§ **Work instructions**
Write out again, unchanged, the line that has "2020 Toyota 4Runner TRD Off-Road Premium" and each following line through the end of the entries below; leave pictures out.

** Excerpted records follows **

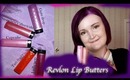 Revlon Lip Butter's Review & My Top 5 Favourite colours!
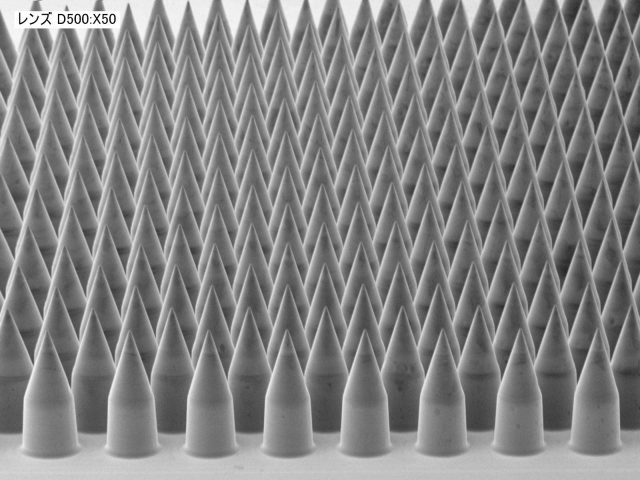 高さばらつき精度±0.002ｍｍ以内！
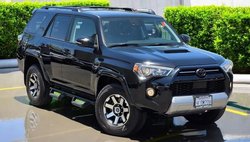 2020 Toyota 4Runner TRD Off-Road Premium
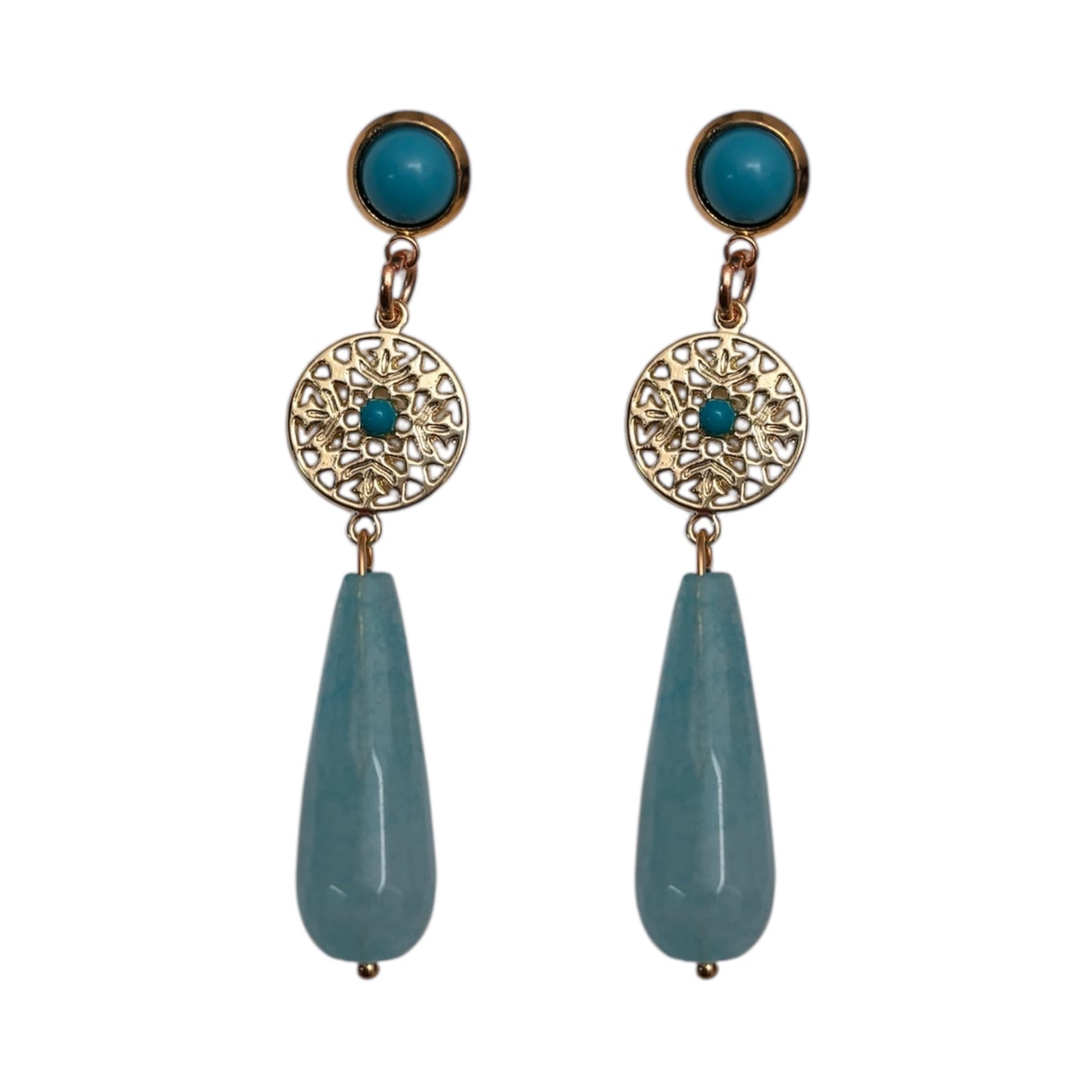 Pendientes Giralda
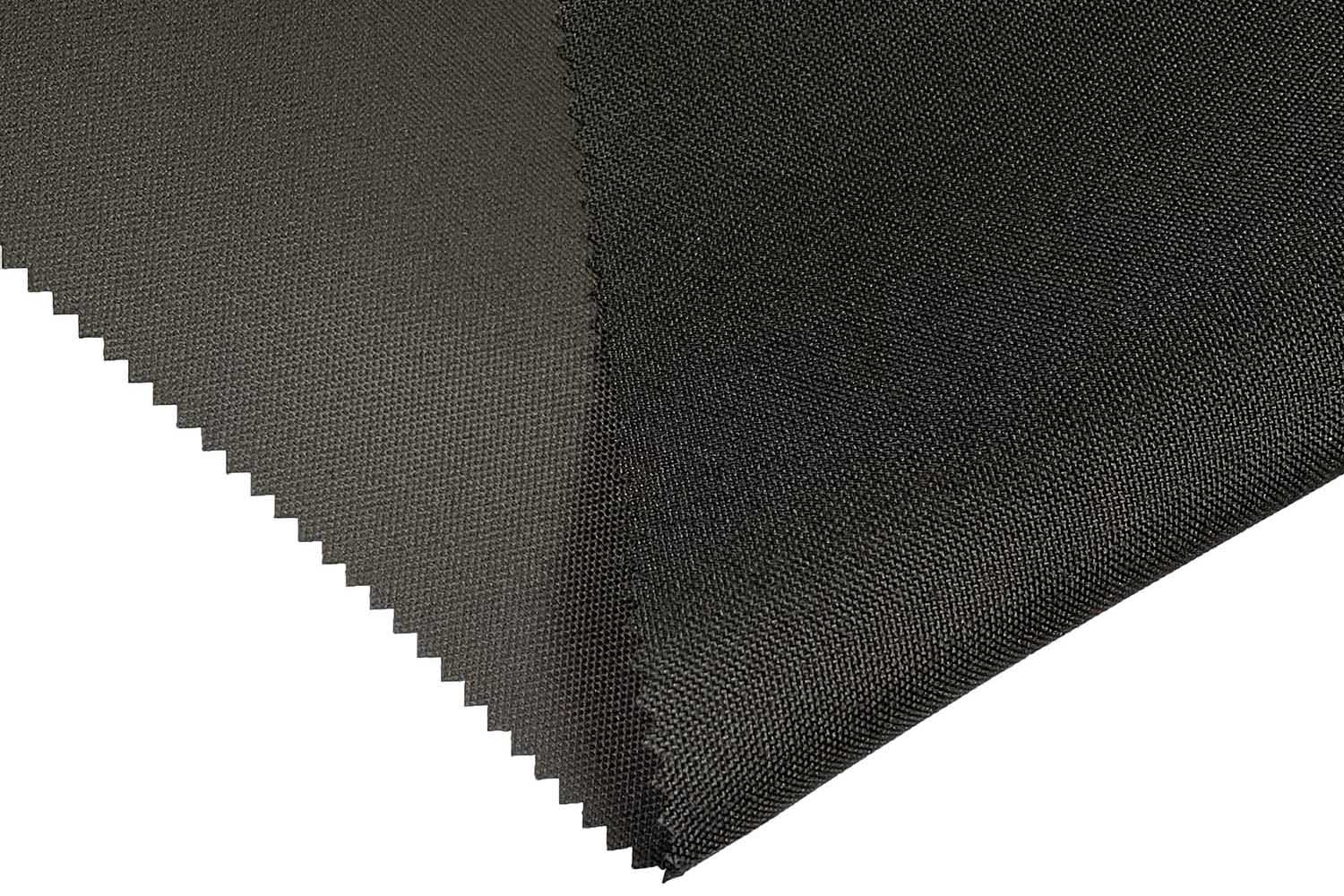 500D * 500D * 72T RPET avec PU revêtu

** End of Excerpted records **

§ **Solution to this problem**
 2020 Toyota 4Runner TRD Off-Road Premium
 Pendientes Giralda
 500D * 500D * 72T RPET avec PU revêtu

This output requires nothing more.